Exercise input »
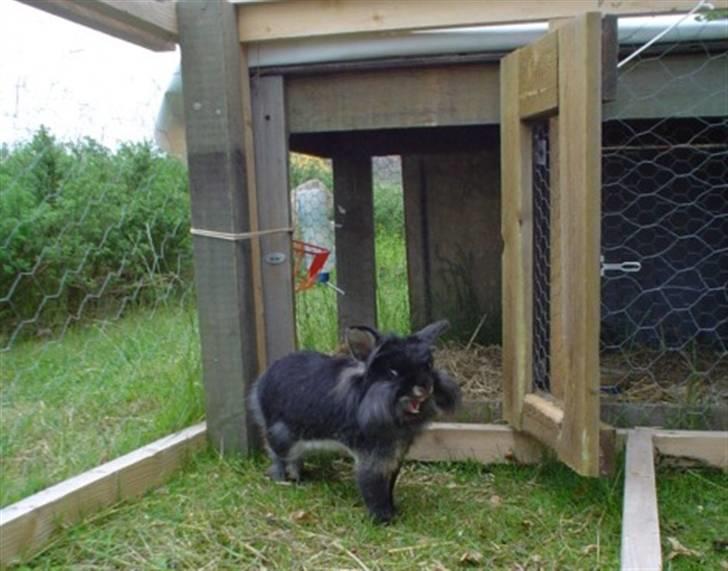 Kanin Simba billede 2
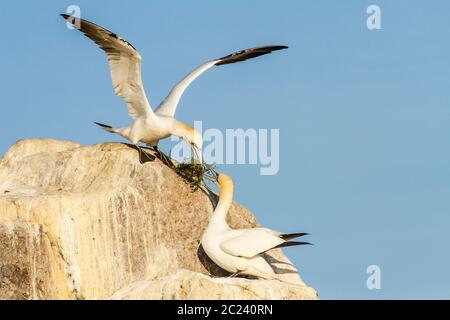 Une paire de Gannet du Nord (Morus bassanus) passant par des matériaux de nidification, île Great Saltee, Irlande Banque D'Images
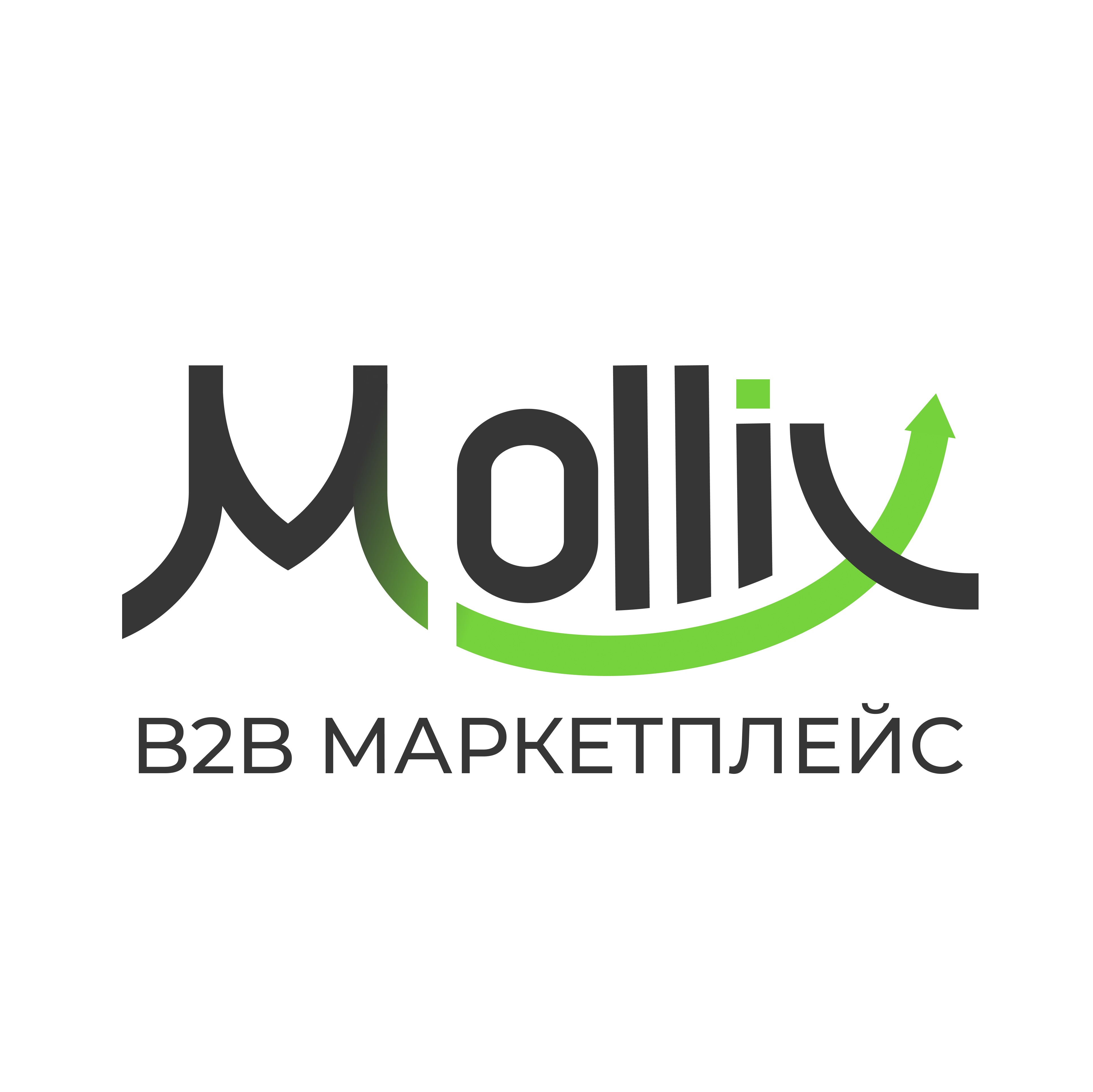 mollix ru-ooo-berlion-odezhda-aksessuaryi-i-teksti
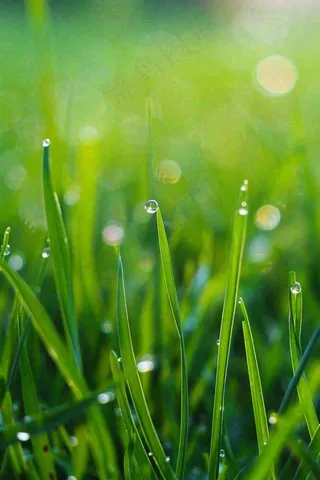 春天绿草地草坪绿叶上的露珠清晨立春惊蛰谷雨摄影图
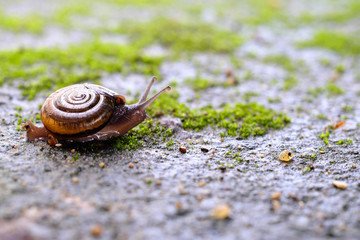 A small snail close up walking on a wet area from the rain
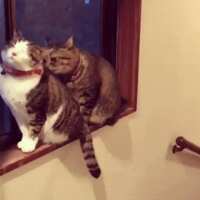 https://images.plurk.com/3aeHMUSUTUOzt2gDTy5nzM.gif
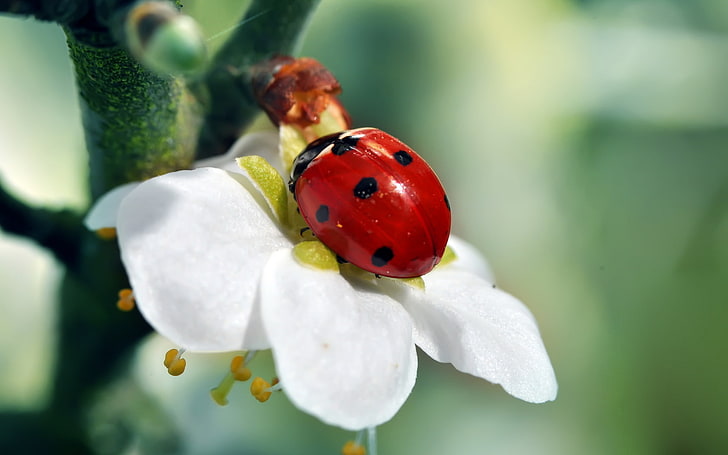 ladybird, HD wallpaper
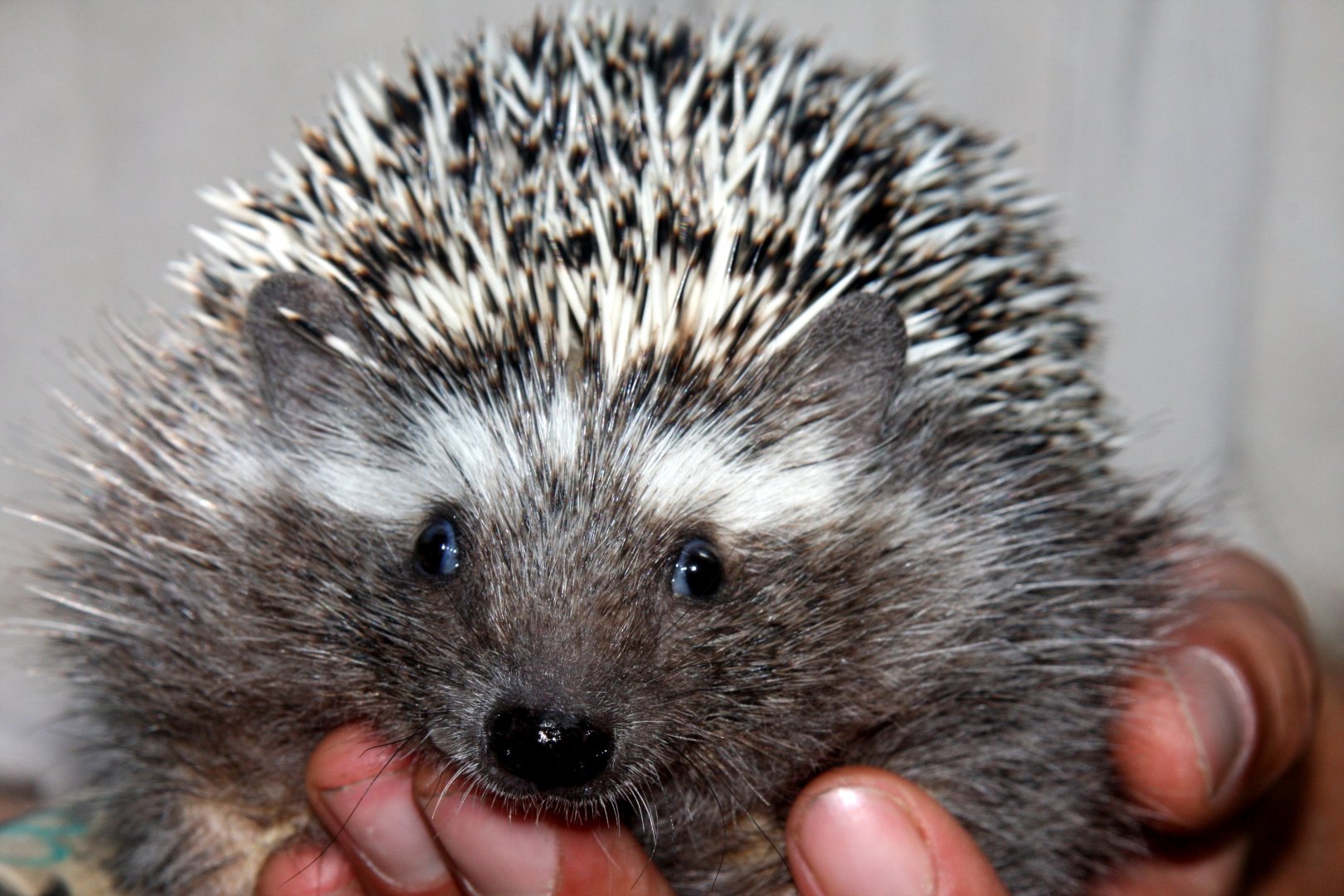 Southern African hedgehog (Atelerix frontalis) 2011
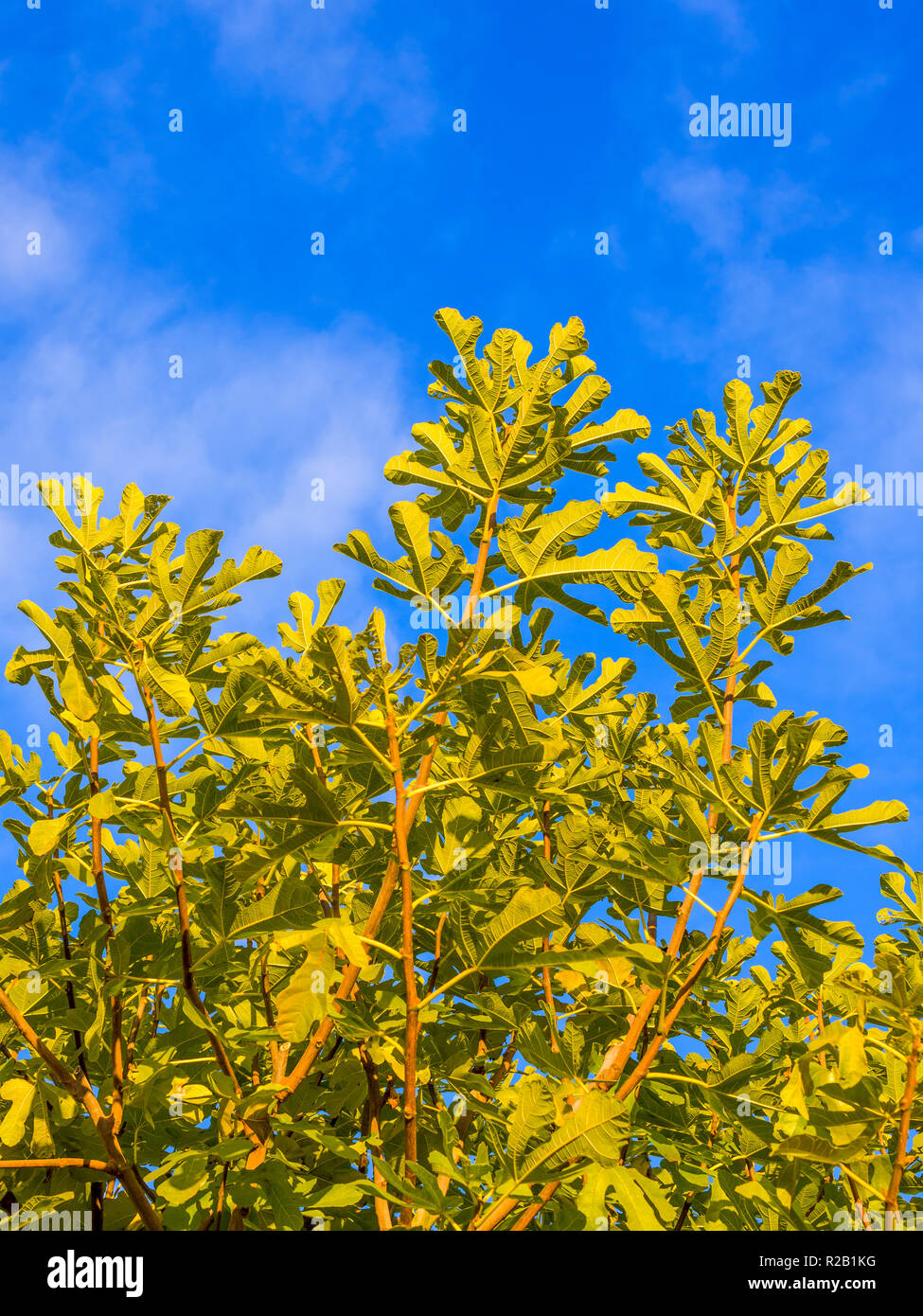 Common Fig (Ficus carica) tree against blue sky - France Stock Photo ...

Exercise description »
Return every record exactly, minus the pictures.

Result for this exercise »
 Kanin Simba billede 2
 Une paire de Gannet du Nord (Morus bassanus) passant par des matériaux de nidification, île Great Saltee, Irlande Banque D'Images
 mollix ru-ooo-berlion-odezhda-aksessuaryi-i-teksti
 春天绿草地草坪绿叶上的露珠清晨立春惊蛰谷雨摄影图
 A small snail close up walking on a wet area from the rain
 https://images.plurk.com/3aeHMUSUTUOzt2gDTy5nzM.gif
 ladybird, HD wallpaper
 Southern African hedgehog (Atelerix frontalis) 2011
 Common Fig (Ficus carica) tree against blue sky - France Stock Photo ...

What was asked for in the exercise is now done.